In United States v Stevens (2010), the Court considered a federal statute that criminalized the sale or possession of "depictions of animal cruelty."  After rejected the argument that depictions of animal cruelty might constitute a new category of unprotected speech, the Court considered whether the statute was overbroad in that it might reach videos depicting hunting, arguably inhumane treatment of livestock, or activities legal in some jurisdictions but not others, such as cockfighting.  Chief Justice Roberts, for an 8-1 majority, wrote the opinion striking down the law as substantially overbroad.  Justice Alito dissented.
Erznoznik v Jacksonville (1975)
Bd. of Airport Commissioners v Jews for Jesus (1987)
Virginia v Hicks (2003)
U. S. v Stevens (2010)

The Doctrine of Vagueness
Related to the overbreadth doctrine is the doctrine of vagueness.  The vagueness doctrine, an aspect of the due process requirement of notice, holds that a law is facially invalid if persons of "common intelligence must necessarily guess as at its meaning and differ as to its application."  The Court has indicated that a higher decree of clarity is demanded when the law in question threatens fundamental First Amendment Rights.
As an overbreadth concern might be cured by a narrowing interpretation by a state court, so too a vagueness problem that appears on the face of the statute might be cured by means of a clarifying judicial interpretation (a "saving construction") by a state court.

Terminal at LAX where Jews for Jesus sought to hand out literature

Robert Stevens, whose conviction on animal cruelty charges was overturned on First Amendment grounds.
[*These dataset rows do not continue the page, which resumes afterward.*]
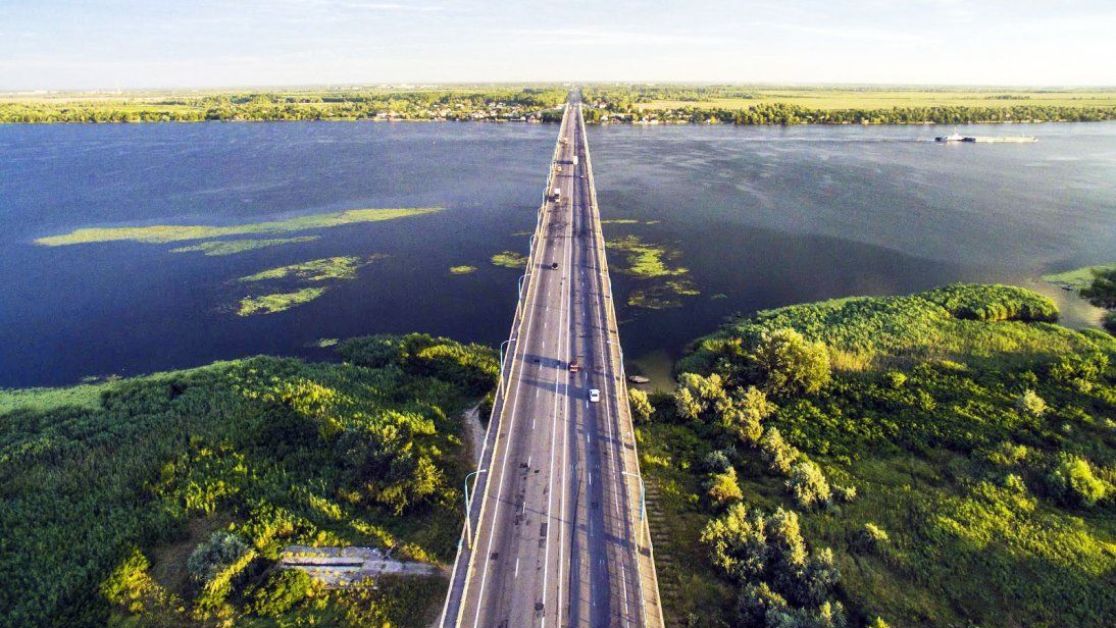 Росіяни обстріляли Антонівський міст біля Херсона, є жертви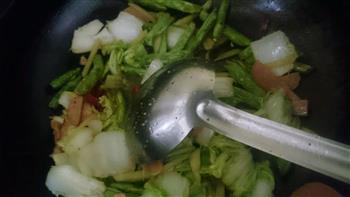 泡椒版蔬菜炒面的做法步骤7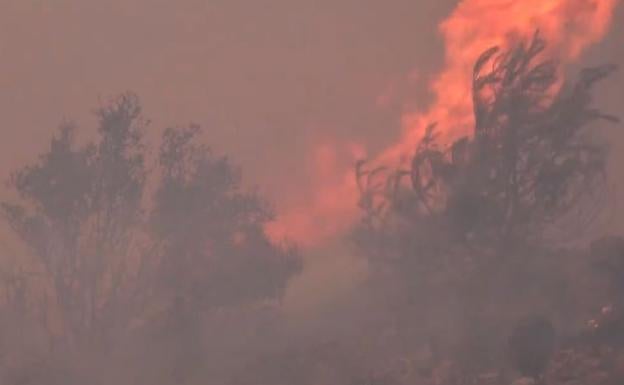 Tres bomberos, heridos en el incendio de Bejís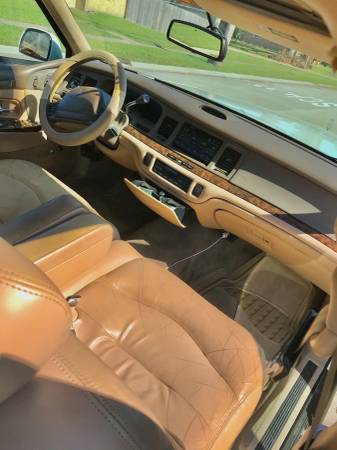 1997 Lincoln town car only 157kmiles must sell $2250 obo - cars &... for sale in Kenner, LA – photo 2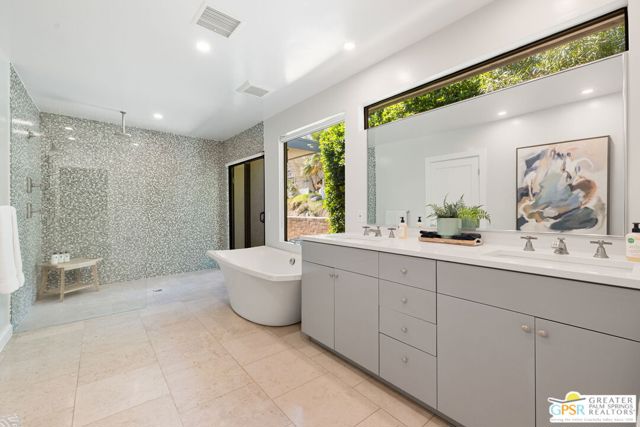 290 W Lilliana Drive, Palm Springs CA: https://media.crmls.org/mediaz/1d0623df-45fd-44ef-b0e3-ff178e7b2cc0.jpg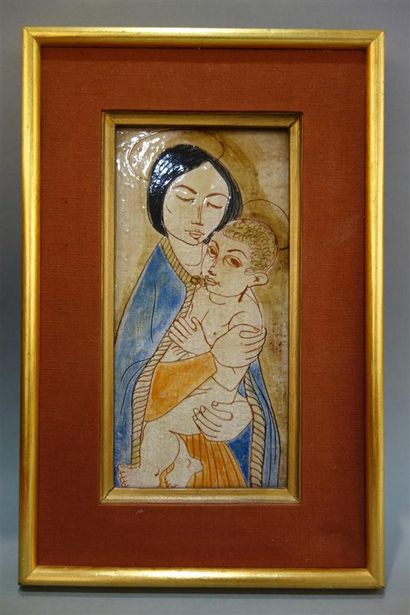 null SANT VICENS (Factory)

"Madonna and Child". 

Decorative ceramic plate with...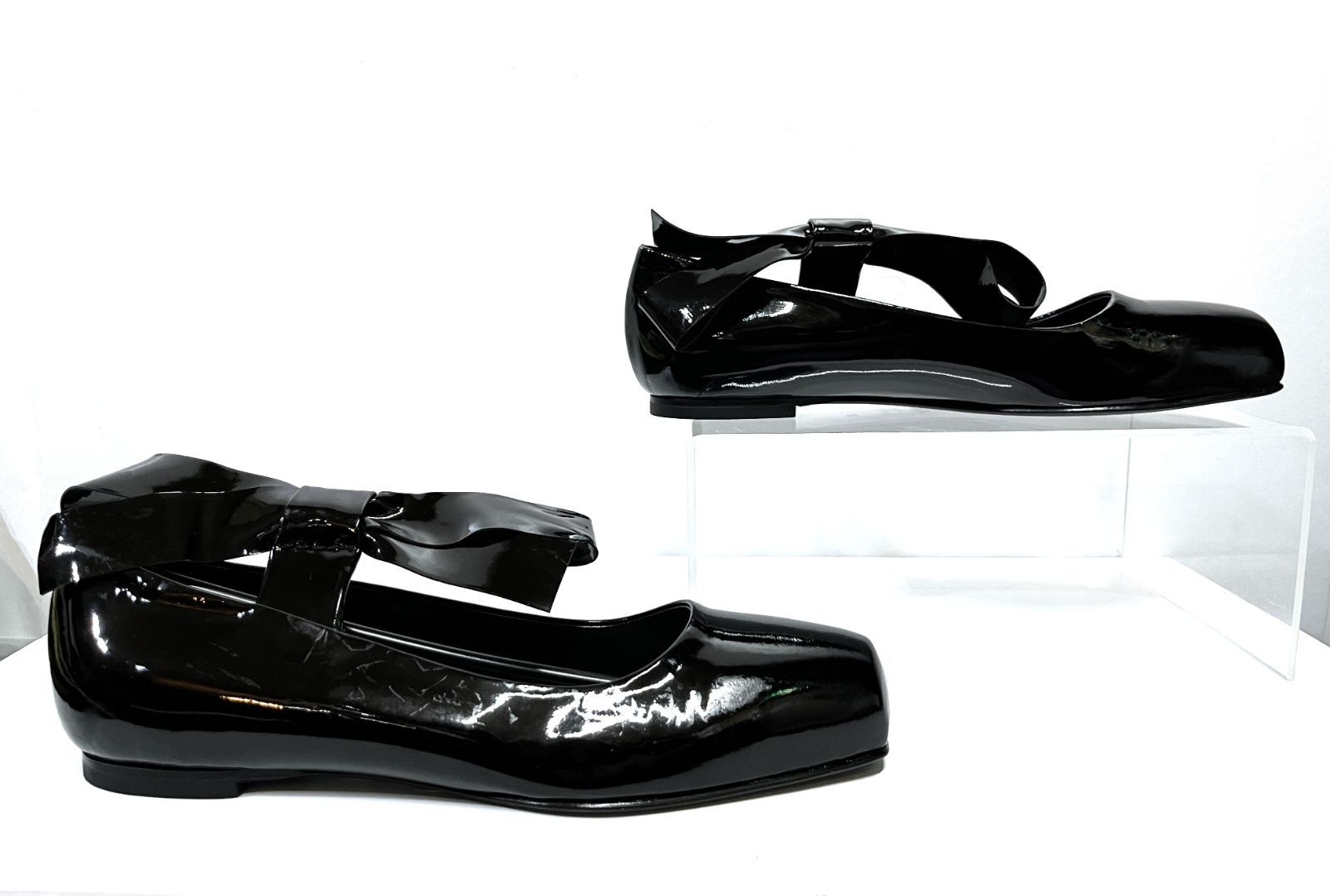 フラットシューズ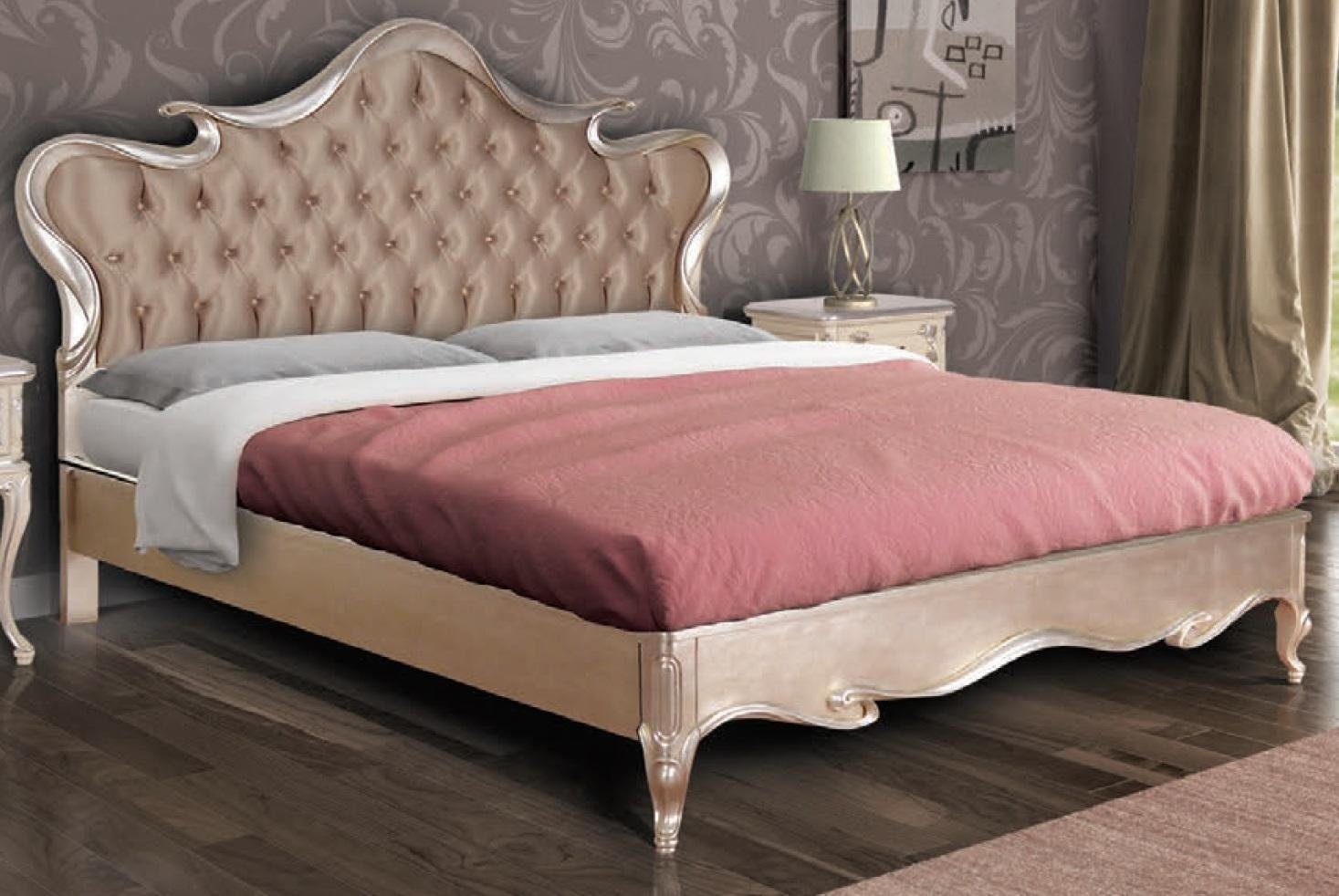 Polsterbett Beige Chesterfield Polsterbett aus italienischem Holz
1. If it is clear that the challenger's speech or conduct could constitutionally be prohibited, why strike down a law that might reach someone else's constitutionally protected speech?
2.  Won't the line between "substantial overbreadth" (unconstitutional) and just plain overbreadth (constitutional) be a fuzzy one?  Should the Court require a particular ration of unconstitutional applications of a law to constitutional applications in order for an overbreadth challenge to be successful?  Can you suggest any principles that would help clarify when a law should be struck down on facial grounds?
3.  Should the Court adopt a bright-line rule that rejects all overbreadth challenges when the law in question is not primarily aimed at expressive activity?
4.  Does the doctrine of substantial overbreadth remove the incentive that legislators might otherwise have had under a more exacting standard of judicial review to draft more precise statutes, with only a very few potentially unconstitutional applications?
5.  Which of the laws challenged on vagueness grounds, the Cincinnati ordinance involved in Coates or the New York regulation of teachers involved in Keyishian, presents the stronger case for a challenge?  Why?
6.  If the Court were to rigorously apply the demanding standard of clarity it used in Keyishian, what other types of regulations might be vulnerable to challenge?
7.  Try drafting legislation prohibiting the depiction of "animal crush videos" that could withstand judicial scrutiny under the First Amendment.